The following is a quotation of 35 U.S.C. 112(b):
(b)  CONCLUSION.—The specification shall conclude with one or more claims particularly pointing out and distinctly claiming the subject matter which the inventor or a joint inventor regards as the invention.


The following is a quotation of 35 U.S.C. 112 (pre-AIA ), second paragraph:
The specification shall conclude with one or more claims particularly pointing out and distinctly claiming the subject matter which the applicant regards as his invention.


Claims 6 and 15 are rejected under 35 U.S.C. 112(b) or 35 U.S.C. 112 (pre-AIA ), second paragraph, as being indefinite for failing to particularly point out and distinctly claim the subject matter which the inventor or a joint inventor (or for applications subject to pre-AIA  35 U.S.C. 112, the applicant), regards as the invention.
Claim 6 recites  “wherein the 3D image is rotated according to an angle between the camera and the first point cloud and is mapped onto the 2D image by flattening”.   A camera is located in real space.  A point cloud is a data construct.  What is this angle?  How is it determined?
Claims 15 are rejected similar to claim 6 above.


Claim Rejections - 35 USC § 103
The following is a quotation of 35 U.S.C. 103 which forms the basis for all obviousness rejections set forth in this Office action:
A patent for a claimed invention may not be obtained, notwithstanding that the claimed invention is not identically disclosed as set forth in section 102, if the differences between the claimed invention and the prior art are such that the claimed invention as a whole would have been obvious before the effective filing date of the claimed invention to a person having ordinary skill in the art to which the claimed invention pertains. Patentability shall not be negated by the manner in which the invention was made.

Claim 1,5,10,14 i is/are rejected under 35 U.S.C. 103 as being unpatentable over Kidono (Pedestrian Recognition Using High-definition LIDAR) in view of “An Investigation of Interpolation Techniques to Generate 2D Intensity Image From LIDAR Data”, hereafter referred to as Ashraf
Regarding claim 1, Kidono discloses 1. A vehicle detection method, comprising: 
acquiring a three-dimensional (3D) image with a plurality of point clouds;  (IV.A, “1) Data acquisition: A 3D point cloud is acquired from LIDAR.”)
mapping the 3D image onto a two-dimensional (2D) image; (IV.A, “2) Segmentation: The acquired 3D point cloud is divided into two classes, ground plane and objects, by using an occupancy grid map [18]. All of the 3D points are projected onto the 2D occupancy grid, which is parallel to the ground plane”)
But does not explicitly disclose “interpolating the 2D image according to a distance between a camera and an object in real space represented by a first point cloud of the plurality of point clouds, wherein the 2D image is interpolated according to the distance between the camera and the object in the real space; “
Ashraf discloses “interpolating the 2D image according to a distance between a camera and an object in real space represented by a first point cloud of the plurality of point clouds, wherein the 2D image is interpolated according to the distance between the camera and the object in the real space; “ (Ashraf, pg. 6 left column, “Step 5: 2D image generated from LIDAR point cloud transformation is of very poor quality. Data interpolation is applied with the objective to fill in the gaps and improve the resolution of the image. Selected interpolation techniques are applied to the low resolution image to get the higher resolution image.”, Note; both the intensity and distance images are interpolated, the distance image being the distance of the LIDAR device to the object., see for example abstract and conclusion)

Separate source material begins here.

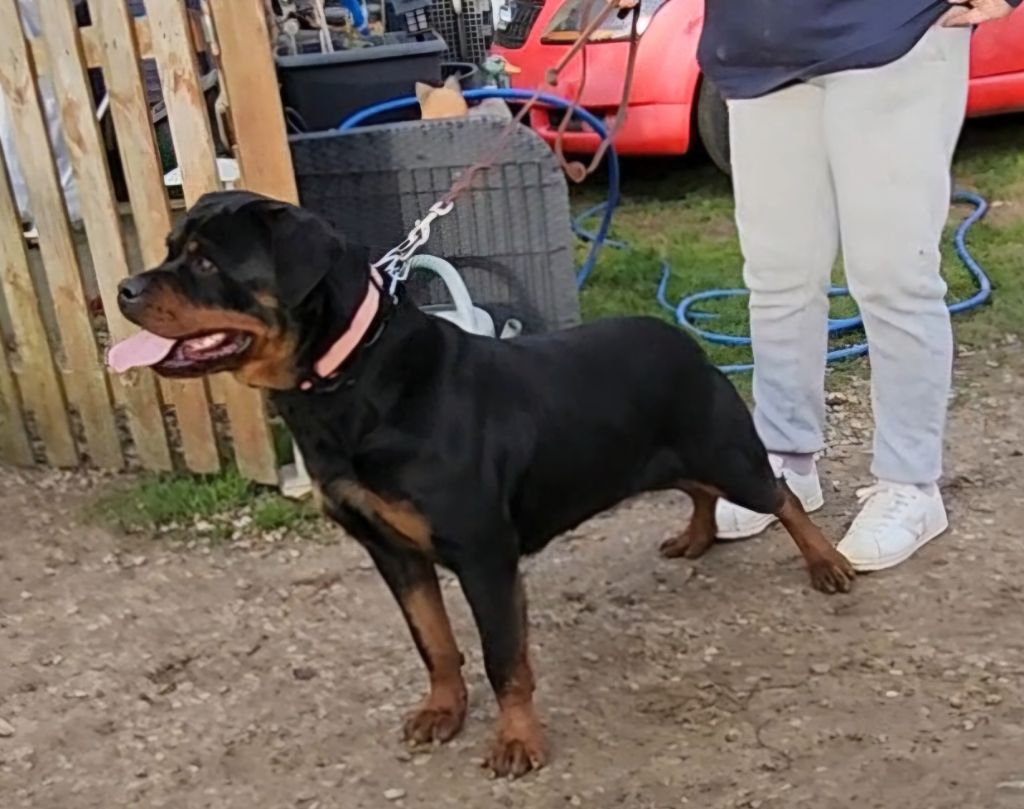 U cupra des spectres d’or noir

The suggestion/motivation for doing so would have been to improve the resolution of the image.
Further, one skilled in the art could have combined the elements as described above by known methods with no change in their respective functions, and the combination would have yielded nothing more than predictable results. 

transforming the 3D image into a plurality of voxels, and extracting a plurality of 3D deep features and a plurality of 2D deep features according to the plurality of voxels; and (IV.B, “Table II lists all nine features used in the proposed method. The set of feature values of each candidate Cj forms a vector fj = (f1,..., f9).”, “f1 Number of points included the cluster 1 f2 The minimum distance to the cluster 1 f3 3D covariance matrix of the cluster 6 f4 The normalized moment of inertia tensor 6 f5 2D covariance matrix in 3 zones, which are the upper half, and the left and right lower halves 9 f6 The normalized 2D histogram for the main plane. 14×7 bins 98 f7 The normalized 2D histogram for the secondary plane. 9×5 bins 45 f8 Slice feature for the cluster 20 f9 Distribution of the reflection intensity, which is composed of the mean, the standard deviation and the normalized 1D histogram”, where the number of points is a 3d feature and 2d histogram is a 2d feature.  A 3D image inherently has voxels. )
determining a detection result according to a classification of the plurality of 3D deep features and the plurality of 2D deep features. (IV.D, “4) Classification: A feature vector is computed from the 3D point cloud of each candidate and evaluated to classify the candidate into a pedestrian or not. The proposed method applies SVM with a radial basis function (RBF) kernel to learn the classifier.”)
(inherent to LIDAR, see for example Fig. 3 of Kidono)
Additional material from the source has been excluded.